**Data to use**:
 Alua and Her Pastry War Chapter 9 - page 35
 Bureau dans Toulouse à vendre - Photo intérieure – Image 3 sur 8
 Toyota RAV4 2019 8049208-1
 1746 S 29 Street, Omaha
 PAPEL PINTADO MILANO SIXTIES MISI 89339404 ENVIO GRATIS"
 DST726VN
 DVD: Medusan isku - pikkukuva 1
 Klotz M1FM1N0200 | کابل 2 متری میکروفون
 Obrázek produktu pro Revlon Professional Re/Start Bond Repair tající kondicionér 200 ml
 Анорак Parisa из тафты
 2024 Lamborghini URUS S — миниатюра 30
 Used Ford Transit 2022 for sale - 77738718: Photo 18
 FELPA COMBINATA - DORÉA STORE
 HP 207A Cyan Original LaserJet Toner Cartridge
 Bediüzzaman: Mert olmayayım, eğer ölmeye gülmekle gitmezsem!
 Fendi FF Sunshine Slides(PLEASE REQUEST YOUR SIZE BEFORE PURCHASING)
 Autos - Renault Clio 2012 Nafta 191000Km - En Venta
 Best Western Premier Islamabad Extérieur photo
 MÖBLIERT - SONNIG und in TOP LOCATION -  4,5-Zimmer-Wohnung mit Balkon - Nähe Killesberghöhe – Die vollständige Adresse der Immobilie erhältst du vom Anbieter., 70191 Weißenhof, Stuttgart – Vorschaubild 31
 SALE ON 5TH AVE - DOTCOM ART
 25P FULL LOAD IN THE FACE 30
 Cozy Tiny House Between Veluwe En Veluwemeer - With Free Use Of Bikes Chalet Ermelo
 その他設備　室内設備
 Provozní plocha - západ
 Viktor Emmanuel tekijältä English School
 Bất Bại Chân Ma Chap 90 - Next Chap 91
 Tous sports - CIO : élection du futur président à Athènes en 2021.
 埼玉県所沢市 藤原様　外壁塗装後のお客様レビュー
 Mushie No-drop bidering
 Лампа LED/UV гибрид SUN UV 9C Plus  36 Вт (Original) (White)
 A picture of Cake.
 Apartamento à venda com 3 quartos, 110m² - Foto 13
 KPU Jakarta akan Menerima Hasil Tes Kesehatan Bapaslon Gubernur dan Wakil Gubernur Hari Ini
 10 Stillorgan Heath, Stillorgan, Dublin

**To do**: Take the lines above from the one holding "Cozy Tiny House" to the last and output them exactly.

**Answer to this problem**:
 Cozy Tiny House Between Veluwe En Veluwemeer - With Free Use Of Bikes Chalet Ermelo
 その他設備　室内設備
 Provozní plocha - západ
 Viktor Emmanuel tekijältä English School
 Bất Bại Chân Ma Chap 90 - Next Chap 91
 Tous sports - CIO : élection du futur président à Athènes en 2021.
 埼玉県所沢市 藤原様　外壁塗装後のお客様レビュー
 Mushie No-drop bidering
 Лампа LED/UV гибрид SUN UV 9C Plus  36 Вт (Original) (White)
 A picture of Cake.
 Apartamento à venda com 3 quartos, 110m² - Foto 13
 KPU Jakarta akan Menerima Hasil Tes Kesehatan Bapaslon Gubernur dan Wakil Gubernur Hari Ini
 10 Stillorgan Heath, Stillorgan, Dublin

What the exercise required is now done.